El motilón posee una característica interesante: es nómada, pero internamente, dentro de sus límites; marcha errabunda por las tierras, en permanente deseo de hallar lugares temporales en los cuales aposentarse por un tiempo corto.

Sin embargo, su vida de matrimonio es duradera, 20 años aproximadamente, con un promedio de ocho hijos procreados, de quienes mueren la mitad, generalmente.

De ese nomadismo, lo que me gusta es la amplia adaptabilidad al medio, tratando de ajustarse a lo que se le va presentando, buscando abiertamente adaptarse a las exigencias de un destino incierto, impredecible, menos cuando no gusta de quedarse quieto en un sitio definido. Algo más, me emociona su sentido de libertad, el no sentirse atado a nada, ni a la sociedad en la cual vive, ni al medio ambiente, aún le favorezca.

Por eso es monógamo. De una mujer y un hombre se construye una familia que perdura, en la cual el apoyo se da pleno: se cohesiona alrededor de un principio de unidad familiar que hace que, incluso las esposas de los cuñados ausentes, o muertos, desempeñen labores y roles de esposa, pero no engendren hijos. (Sin embargo, la poligamia no es prohibida; en estos casos, es notable la autoridad de la primera esposa sobre las demás).

La verdad es que la sociedad motilona es sana. En ella no se producen estas lacras que abundan en la nuestra (“civilizada”), como la prostitución, el adulterio y los resultados demoledores de la descomposición que ha originado el modernismo.

Quizá porque ha concebido las cosas de la sexualidad con una naturalidad singular, sin ritos especiales de iniciación sexual, sin exageraciones, solo contando con la hermosa ingenuidad con la cual se desprenden hacia el porvenir los jóvenes. A la mujer se le coloca la falda (ducduza) cuando se le considera apta para desarrollarse como tal, y al hombre se le reconoce cuando se puede auto-sostener; entonces se le da el guayuco, formaliza el pacto ogdjíbara (pacto entre amigos que se prometen mutua estimación y comparten beneficios económicos), y participa de una ceremonia llamada El Canto de las Flechas, una competencia de carácter recreativo y tradicional que interpreta la cosmogonía y la antropogénesis motilona. Tanto, que el ogdjíbara de un muchacho es quien comunica a los padres de una muchacha pretendida las intenciones de formalizar una unión.
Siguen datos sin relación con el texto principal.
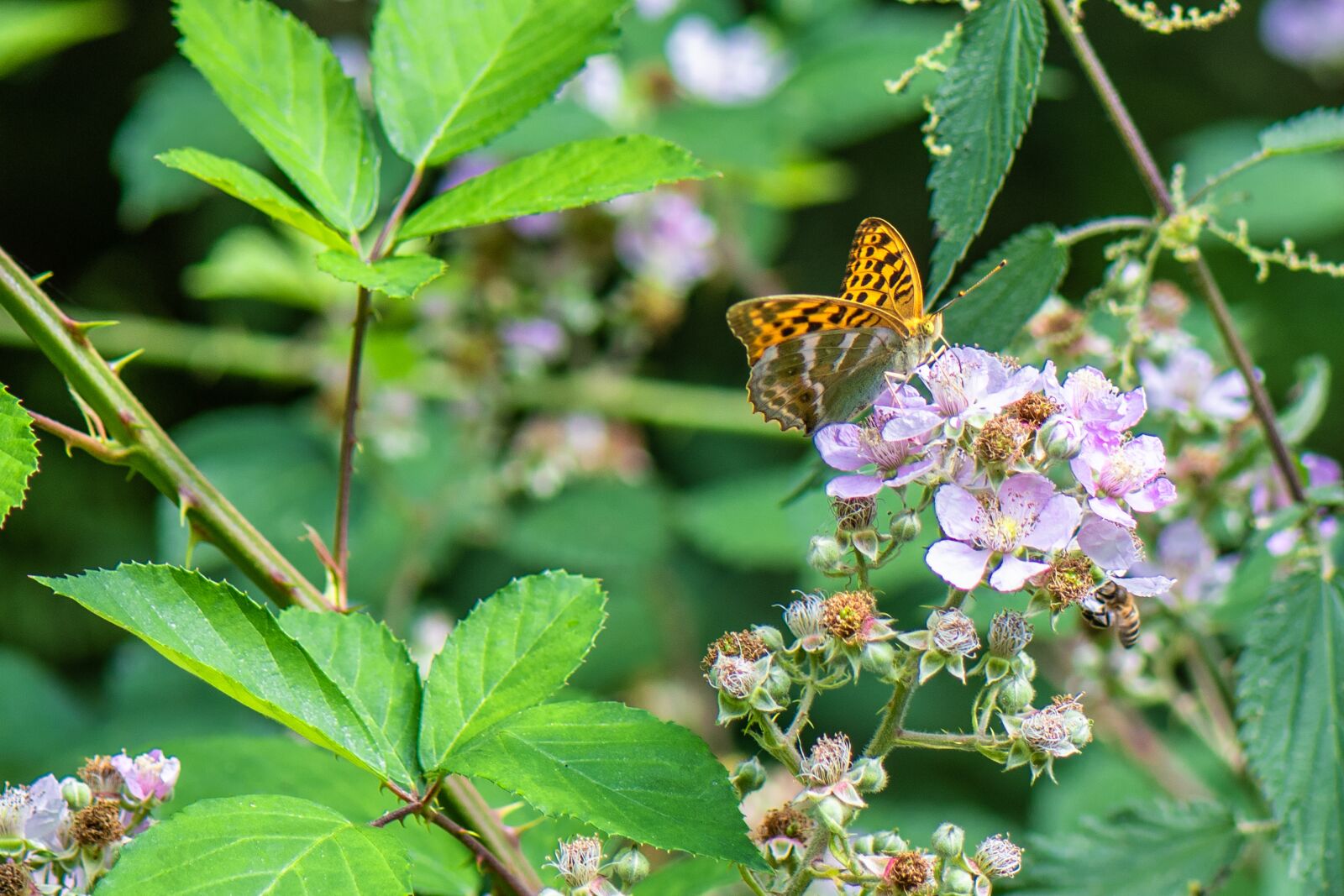 Nikon D7500 sample photo. Butterfly, fritillary, insect photography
Y digo que, sin ritos, por cuanto la ceremonia matrimonial es la más sencilla que pueda darse: el novio lleva a la novia a su hamaca y desde ese momento se conforma la familia con el sentido primordial de procrear.
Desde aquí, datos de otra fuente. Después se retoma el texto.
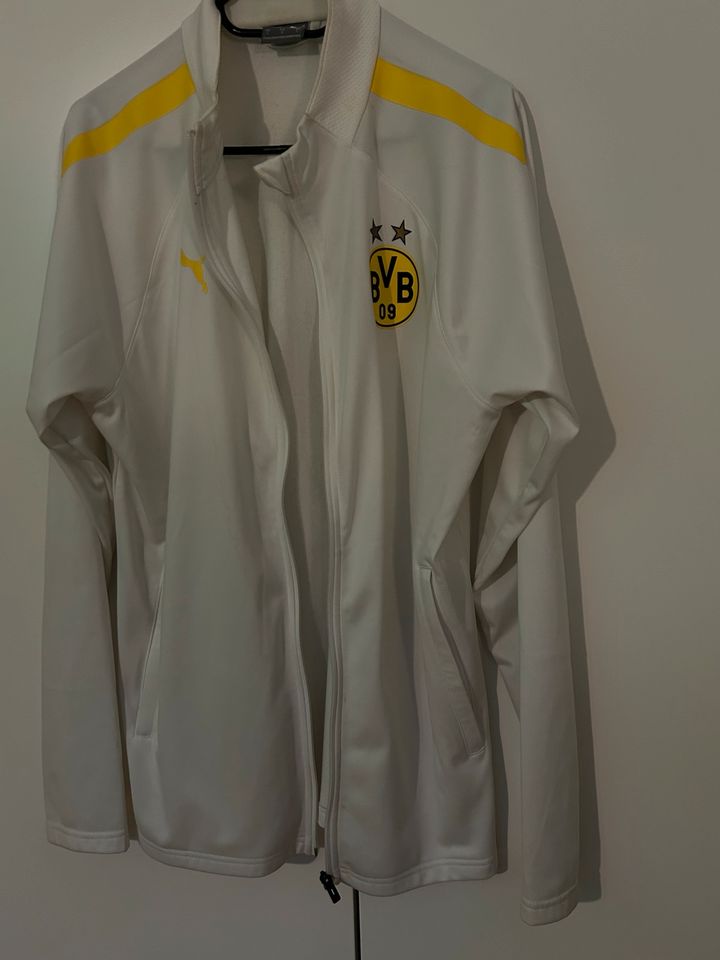 Borussia Dortmund Trainingsjacke in Mönchengladbach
El concepto de familia se me hace interesante. El matrimonio educa a los hijos, el padre a los varones y la madre a las mujeres, en las labores propias de cada sexo, sin distinciones tan marcadas del machismo “occidental” que nos rige, aunque el hombre tenga mayor autoridad para decidir acerca del futuro de todos, los desplazamientos y demás, y las temporadas de caza y pesca. Pero en el hogar, la mujer impera de manera absoluta.

Las costumbres de los motilones varían un poco de las nuestras: su principal hora de alimentarse es la noche, propicia para la familiaridad, recreándose ampliamente en la conversación alrededor de fogones rudimentarios, pero generadores de calor de hogar.

Los niños crecen en pleno contacto con la naturaleza, imaginando juegos, creando espacios para su desarrollo infantil y aprendiendo oficios desde temprana edad. A los niños se les castiga de forma simbólica, pegándoles suavemente con una pata de pava, sin rigores extremos.

La mujer, cuando va a parir, se marcha aparte, con una compañera del pacto ogdjíbara, para que le ayude a tener a su hijo, descansa un poco, una hora más o menos, y retorna con su hijo al bohío.

Se nota el sentido individualista del motilón, preparado para afrontar las cosas de manera personalista.

Sus parientes inmediatos, en grados ascendentes y colaterales (padres, hermanos y hermanas de los padres, hijos...) se unen por otro pacto llamado sagdójira, tanto, que solo se permite unirse en matrimonio a quienes no están en el sagdójira. (Por esa misma razón de la individualidad y la circunscripción familiar, el comercio no se da de forma definida).

La concepción de propiedad privada no existe en el motilón, tal vez por ese anhelo de ser nómada, incluyendo los utensilios e instrumentos (arcos y flechas), elaborados por el hombre, los cuales son apenas un simbolismo para utilizarlos en el trabajo.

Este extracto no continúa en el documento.